Assuming no metaphysical indeterminism, each set of actual motivations will lead to exactly one outcome being actualized. In order for some other outcome to be actualized instead, we need to imagine that either a) the person's motivations are different at the time of the choice or b) the laws of the universe act differently at the time of the choice, such that an agent with the exact same motivations can make different choices in the exact same scenarios.
So keeping your actual motivations the same and keeping all facts about the world the same, it is not the case that you can become a voluntary worker, given the fact that we already know that you would become an investment banker in that scenario.
There's more to cognition than motivation, so even given determinism you could get different behavior / outcomes if you had different thoughts.
The most straightforward response is thus to dispute the claim that "in the closest possible world where you instead choose to become a voluntary worker, you are less selfish and more altruistic." I don't think you get to stipulate a claim like this. There's a possible world where the agent is generally selfish and yet chooses (in a moment of unusual generosity) to opt for volunteering, and that world qualifies as "closer" - for moral purposes - than one where they have systematically different motivations.

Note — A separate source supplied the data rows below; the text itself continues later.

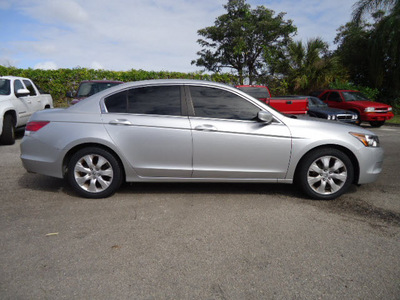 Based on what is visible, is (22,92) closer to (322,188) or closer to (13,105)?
(13,105)

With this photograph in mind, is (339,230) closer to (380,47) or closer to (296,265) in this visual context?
(296,265)

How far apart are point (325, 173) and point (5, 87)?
27.7 feet

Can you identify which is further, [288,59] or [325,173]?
[288,59]

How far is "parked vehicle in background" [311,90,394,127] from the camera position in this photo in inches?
515

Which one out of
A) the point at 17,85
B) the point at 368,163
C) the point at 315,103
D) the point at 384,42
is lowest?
the point at 368,163

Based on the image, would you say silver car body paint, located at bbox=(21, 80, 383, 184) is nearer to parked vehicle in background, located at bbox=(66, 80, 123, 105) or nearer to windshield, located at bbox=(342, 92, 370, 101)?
parked vehicle in background, located at bbox=(66, 80, 123, 105)

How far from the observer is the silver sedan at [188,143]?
4.08m

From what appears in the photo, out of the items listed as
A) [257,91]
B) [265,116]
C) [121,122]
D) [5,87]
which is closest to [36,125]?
[121,122]

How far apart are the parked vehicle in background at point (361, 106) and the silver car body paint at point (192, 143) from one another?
10087 mm

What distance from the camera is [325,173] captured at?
13.8 ft

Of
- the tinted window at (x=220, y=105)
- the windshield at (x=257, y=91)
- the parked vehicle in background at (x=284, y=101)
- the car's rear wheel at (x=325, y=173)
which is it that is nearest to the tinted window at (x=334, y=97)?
the parked vehicle in background at (x=284, y=101)

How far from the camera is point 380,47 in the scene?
19.0 meters

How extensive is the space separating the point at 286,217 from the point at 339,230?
1.90 ft

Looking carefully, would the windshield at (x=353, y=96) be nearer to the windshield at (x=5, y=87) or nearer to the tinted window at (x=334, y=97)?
the tinted window at (x=334, y=97) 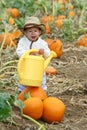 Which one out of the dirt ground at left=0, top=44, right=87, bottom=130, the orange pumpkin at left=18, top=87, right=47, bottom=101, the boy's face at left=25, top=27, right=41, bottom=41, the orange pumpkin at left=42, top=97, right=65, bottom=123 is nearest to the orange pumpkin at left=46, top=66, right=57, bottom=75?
the dirt ground at left=0, top=44, right=87, bottom=130

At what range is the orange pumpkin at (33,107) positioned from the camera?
4254 mm

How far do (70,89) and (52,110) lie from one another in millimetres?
993

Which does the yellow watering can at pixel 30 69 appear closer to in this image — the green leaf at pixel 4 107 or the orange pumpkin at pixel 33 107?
the orange pumpkin at pixel 33 107

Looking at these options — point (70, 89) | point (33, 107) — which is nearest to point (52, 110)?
point (33, 107)

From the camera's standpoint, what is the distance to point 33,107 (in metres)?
4.25

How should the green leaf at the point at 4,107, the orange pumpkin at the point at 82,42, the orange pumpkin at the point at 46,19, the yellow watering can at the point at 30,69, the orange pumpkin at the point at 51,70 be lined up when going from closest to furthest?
the green leaf at the point at 4,107 < the yellow watering can at the point at 30,69 < the orange pumpkin at the point at 51,70 < the orange pumpkin at the point at 82,42 < the orange pumpkin at the point at 46,19

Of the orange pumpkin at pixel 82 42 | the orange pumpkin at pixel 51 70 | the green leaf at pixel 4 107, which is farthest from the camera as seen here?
the orange pumpkin at pixel 82 42

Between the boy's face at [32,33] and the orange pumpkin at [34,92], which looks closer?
the orange pumpkin at [34,92]

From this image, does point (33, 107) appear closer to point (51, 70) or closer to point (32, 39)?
point (32, 39)

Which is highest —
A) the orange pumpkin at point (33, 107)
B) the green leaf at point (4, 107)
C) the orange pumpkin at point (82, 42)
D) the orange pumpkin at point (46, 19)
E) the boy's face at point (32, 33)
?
the boy's face at point (32, 33)

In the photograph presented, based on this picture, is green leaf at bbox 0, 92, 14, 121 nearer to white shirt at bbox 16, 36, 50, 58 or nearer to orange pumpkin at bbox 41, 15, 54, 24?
white shirt at bbox 16, 36, 50, 58

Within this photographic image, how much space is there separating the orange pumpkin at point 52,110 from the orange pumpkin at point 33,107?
0.06 meters

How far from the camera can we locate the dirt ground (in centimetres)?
→ 424

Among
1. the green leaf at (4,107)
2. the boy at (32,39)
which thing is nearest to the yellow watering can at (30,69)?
the boy at (32,39) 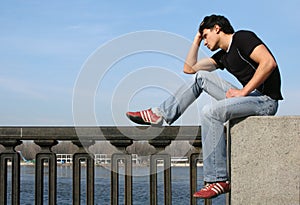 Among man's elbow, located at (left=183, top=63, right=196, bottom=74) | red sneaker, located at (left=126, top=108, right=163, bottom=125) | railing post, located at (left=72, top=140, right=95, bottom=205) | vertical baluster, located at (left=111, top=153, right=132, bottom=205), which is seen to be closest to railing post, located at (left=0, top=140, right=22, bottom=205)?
railing post, located at (left=72, top=140, right=95, bottom=205)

If you make false claims about modal space - i.e., asserting a necessary falsehood - then it shouldn't surprise us that paradoxes follow.
Nice article. How common is it for anti-aggregationists to endorse or be motivated by maximin (or pessimistic-optimistic rule or maximax or whatever other rules only consider a subset of the population)?
I'm not an expert in this literature, but I gather the standard anti-aggregationist view is that you should pick whichever option is supported by the strongest individual "claim". This may not exactly be maximin, since it could be that one has a stronger claim to avert going from +100 to -10 welfare than someone else does to avert going from -11 to -12. But it still seems to involve a troubling lack of concern for others if it prioritizes this one individual at the cost of (say) a million people each going from 0 to -10. Since the million together count for no more than any one of them alone would, there's an important sense in which each of them could claim to have been disregarded.
Ah okay, yes that makes sense. Thanks!